--- TASK BRIEF ---
Nothing but the records, copied exactly and stripped of pictures, should be in the answer.
MATERIAL FOR THIS TASK Start Marker
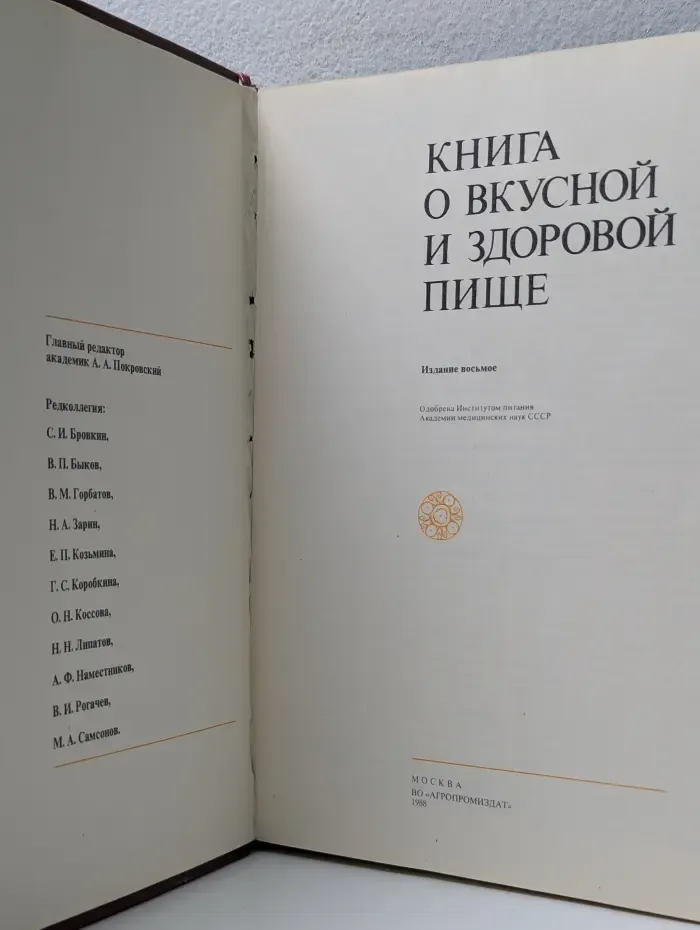 Книга о вкусной и здоровой пище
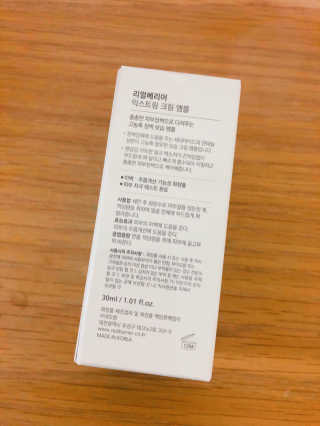 bella1021님이 올린 리뷰 사진 2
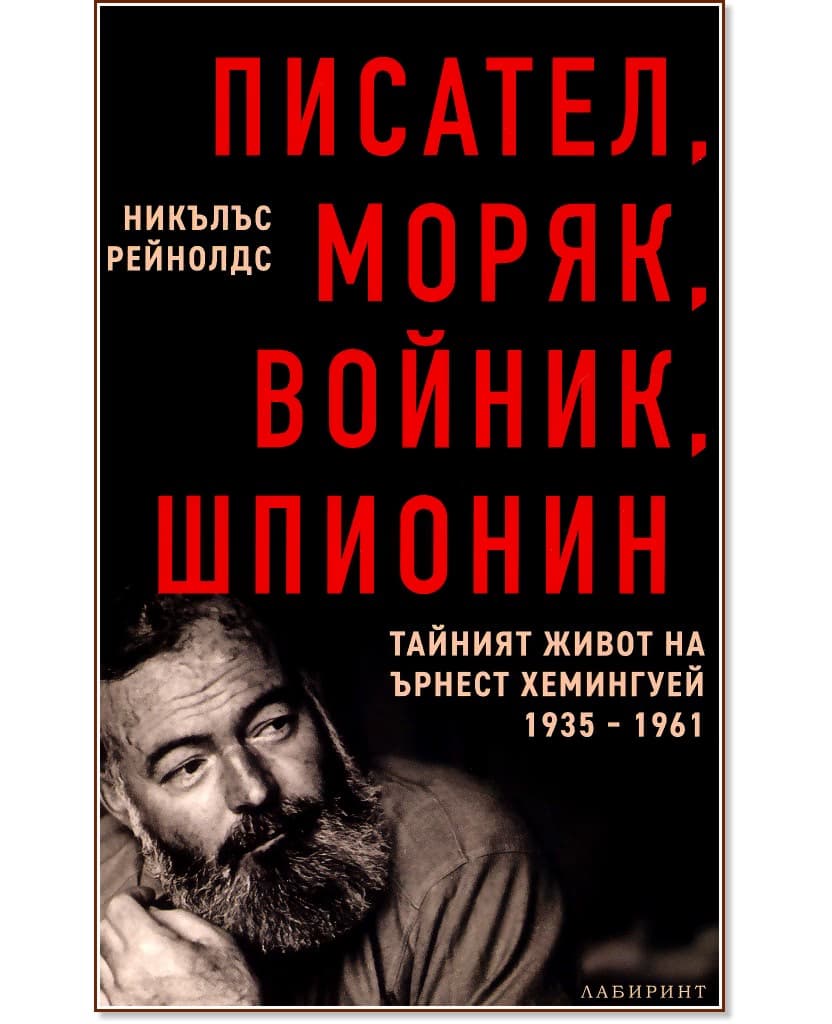 Корица на „Писател, моряк, войник, шпионин: Тайният живот на Ърнест Хемингуей 1935 - 1961" — Никълъс Рейнолдс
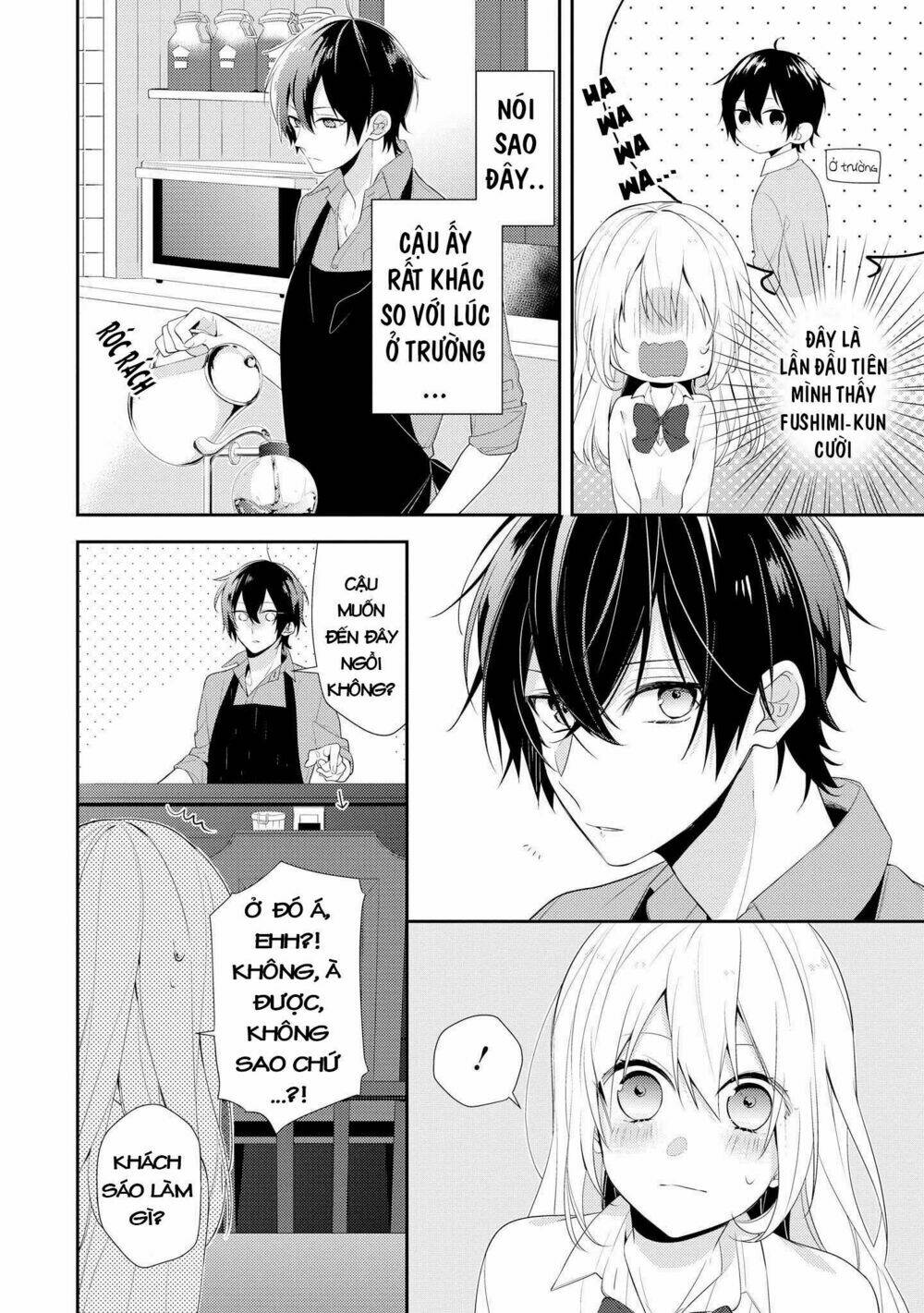 Houkago Wa Kissaten De Chương 1 Ảnh 20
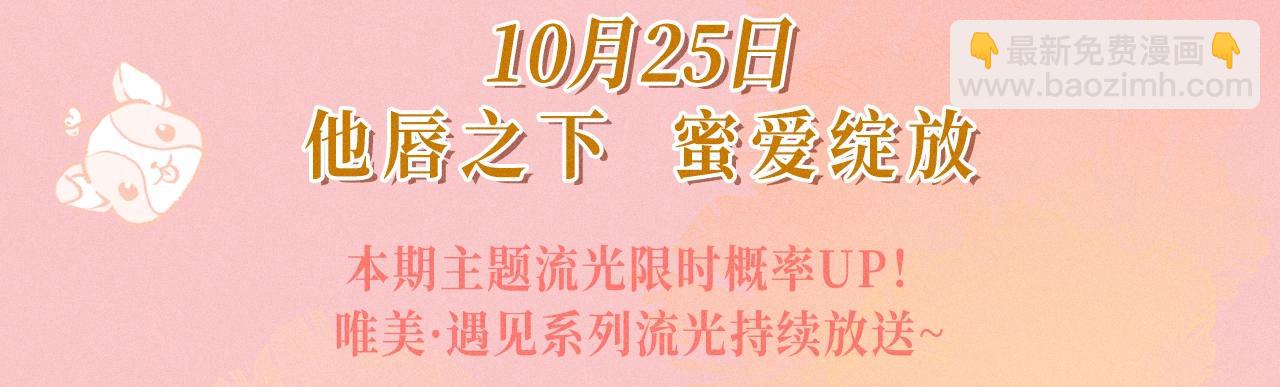 特典祈愿：10月25日 闻风有你 他唇之下 蜜爱绽放-第64话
MATERIAL FOR THIS TASK End Marker
--- SOLUTION TO THE EXERCISE ---
 Книга о вкусной и здоровой пище
 bella1021님이 올린 리뷰 사진 2
 Корица на „Писател, моряк, войник, шпионин: Тайният живот на Ърнест Хемингуей 1935 - 1961" — Никълъс Рейнолдс
 Houkago Wa Kissaten De Chương 1 Ảnh 20
 特典祈愿：10月25日 闻风有你 他唇之下 蜜爱绽放-第64话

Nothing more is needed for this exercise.